# Not so early Top U17 ECNL (ECRNL) Teams in 2020-2021



## Ellejustus (Apr 19, 2020)

Anyone with excel experience want to try and give us a quick top 20 look for next season?


----------



## Ellejustus (Apr 19, 2020)

#20- Strikers OC 04 ECNL ((Just because I want my dd team in the top 20 and I get to decide.  This is if we play next season))
#19
#18
and so on...
#1 Earthquakes
#2 Beach FC
#3 MLVA
#4 The Top Hat
#5 Legends
#6 Real Co
#7 Teaxas team
#8 Surf SD
and so on.....


----------



## Penalty Kicks Stink (Apr 19, 2020)

Ellejustus said:


> #20- Strikers OC 04 ECNL ((Just because I want my dd team in the top 20 and I get to decide.  This is if we play next season))
> #19
> #18
> and so on...
> ...


Are you assuming Legends and Beach are getting in to ECNL?


----------



## Kicker4Life (Apr 19, 2020)

Penalty Kicks Stink said:


> Are you assuming Legends and Beach are getting in to ECNL?


They won’t...ECRL yes.


----------



## Penalty Kicks Stink (Apr 19, 2020)

Kicker4Life said:


> They won’t...ECRL yes.


i dont see DA teams staying together that are only offered ECRL.


----------



## futboldad1 (Apr 19, 2020)

Penalty Kicks Stink said:


> i dont see DA teams staying together that are only offered ECRL.

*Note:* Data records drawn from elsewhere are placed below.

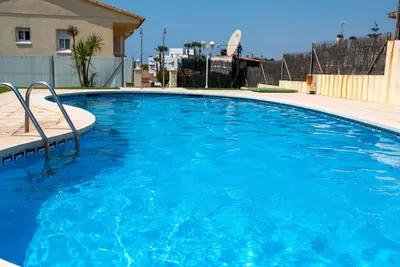 Image de Magnifique maison de vacances pour 6 personnes avec piscine, Wifi, climatisation et Tv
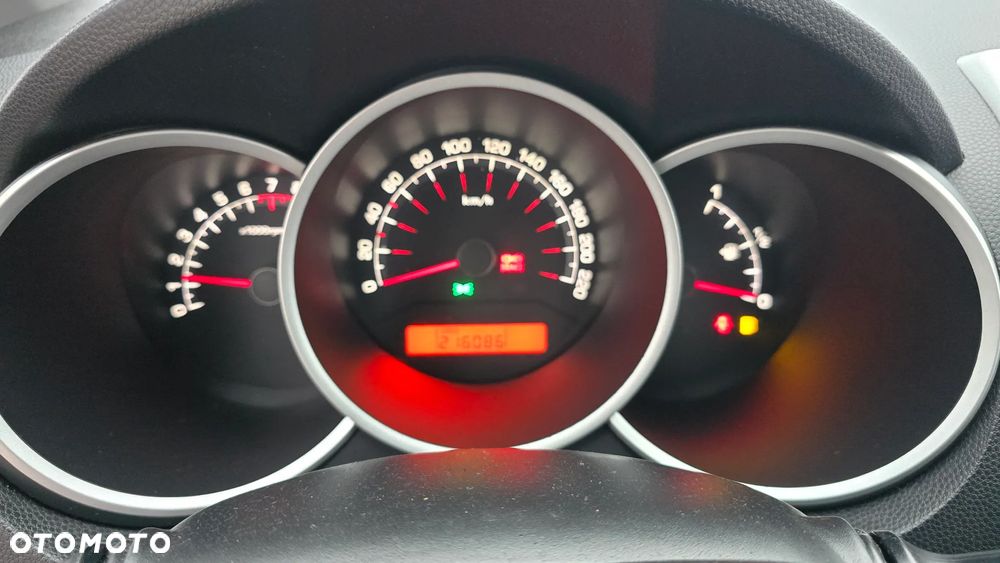 Kia Venga 1.4 CVVT Attract - 9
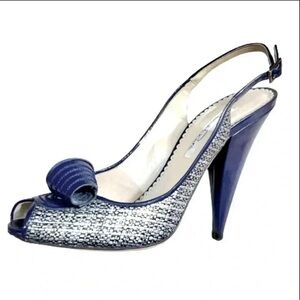 Oscar de la Renta Blue Silver & Vintage Sling Back Heels   Open Toe Size 7.5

I think the Beach team will mostly stay together........


----------



## Ellejustus (Apr 19, 2020)

Penalty Kicks Stink said:


> Are you assuming Legends and Beach are getting in to ECNL?


Yes, 100% and they are.  It's called ECRL and when they kick everyone's asses they will look for revenge with the SW top 04 teams.  My God, they don't need anymore motivation.  I don't know the rules but it's starting to look like that.  I say bring them up now to the top league but what do I know


----------



## Kicker4Life (Apr 19, 2020)

Penalty Kicks Stink said:


> i dont see DA teams staying together that are only offered ECRL.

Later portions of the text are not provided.